## EXERCISE
With the images removed, repeat the data below exactly.

[Saved data entries]
# # #

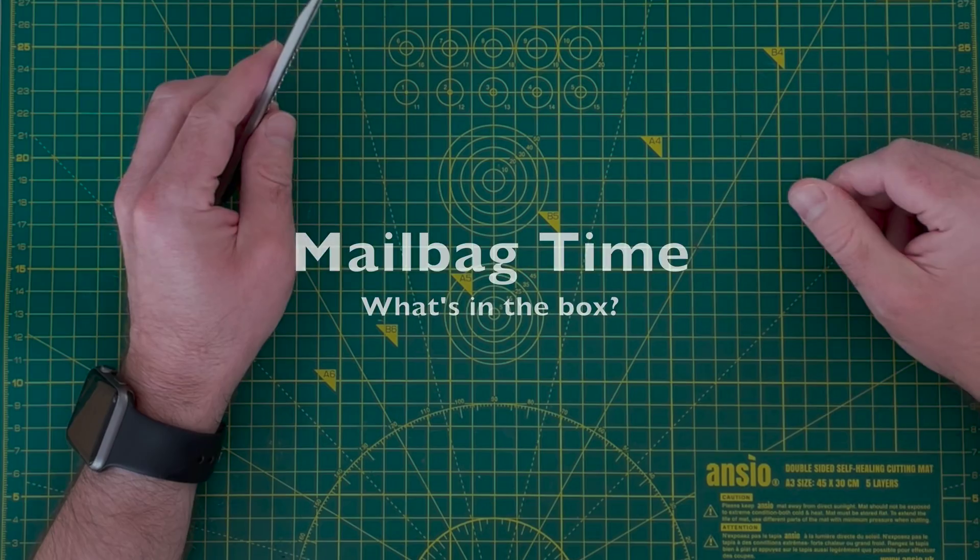It's time for a mailbag. There's not much this month. I've been opening stuff as it arrived, but there's a few interesting things to look at.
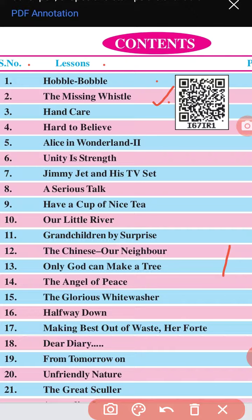From next class onwards we will start our first lesson, Hobble Bobble. Till then, if you have the book, you can write the word meanings of Hobble Bobble in your notebook, and then I will explain the lesson properly. After that I will send you the PDF and the exercise will be homework. Till next class, stay home, stay happy. Thank you, peace.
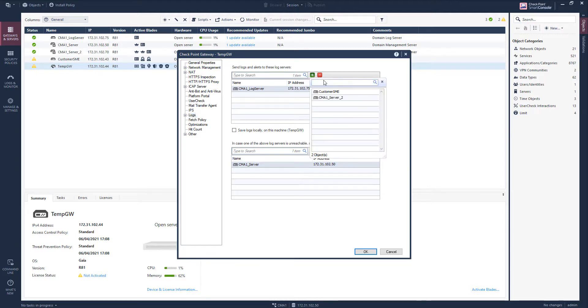You have the option, of course, to define other instances, such as in this case the dedicated smart event that is part of this environment.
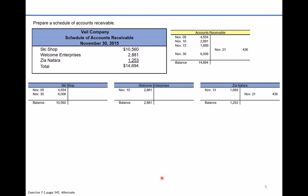And that concludes how to solve exercise 7-1: accounts receivable subsidiary ledger and schedule of accounts receivable.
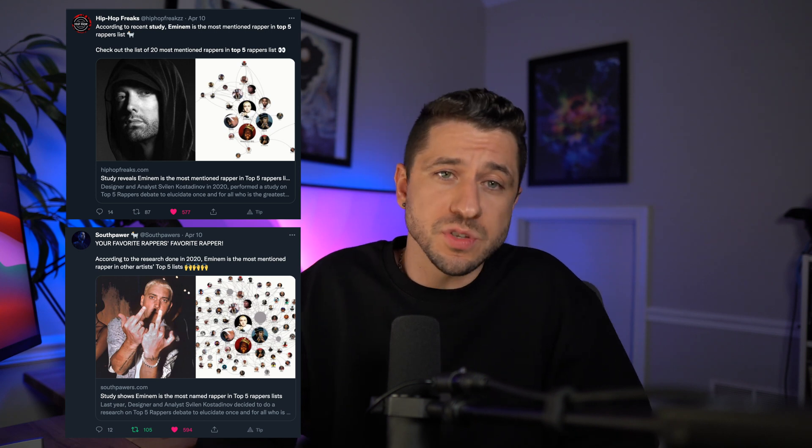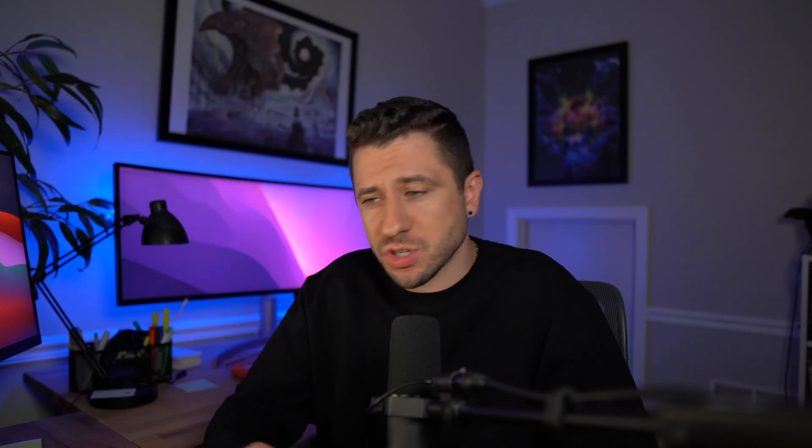For those that are interested, the graph is fully interactive — the link to my study is down below in the description. I want to thank all the blogs that shared my work. If you enjoyed this video, please consider sharing, liking, subscribing, and the whole nine. I'd love to hear what you have to say in the comments. And until next time.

# # #

## RESPONSE TO THIS EXERCISE
It's time for a mailbag. There's not much this month. I've been opening stuff as it arrived, but there's a few interesting things to look at.
From next class onwards we will start our first lesson, Hobble Bobble. Till then, if you have the book, you can write the word meanings of Hobble Bobble in your notebook, and then I will explain the lesson properly. After that I will send you the PDF and the exercise will be homework. Till next class, stay home, stay happy. Thank you, peace.
You have the option, of course, to define other instances, such as in this case the dedicated smart event that is part of this environment.
And that concludes how to solve exercise 7-1: accounts receivable subsidiary ledger and schedule of accounts receivable.
For those that are interested, the graph is fully interactive — the link to my study is down below in the description. I want to thank all the blogs that shared my work. If you enjoyed this video, please consider sharing, liking, subscribing, and the whole nine. I'd love to hear what you have to say in the comments. And until next time.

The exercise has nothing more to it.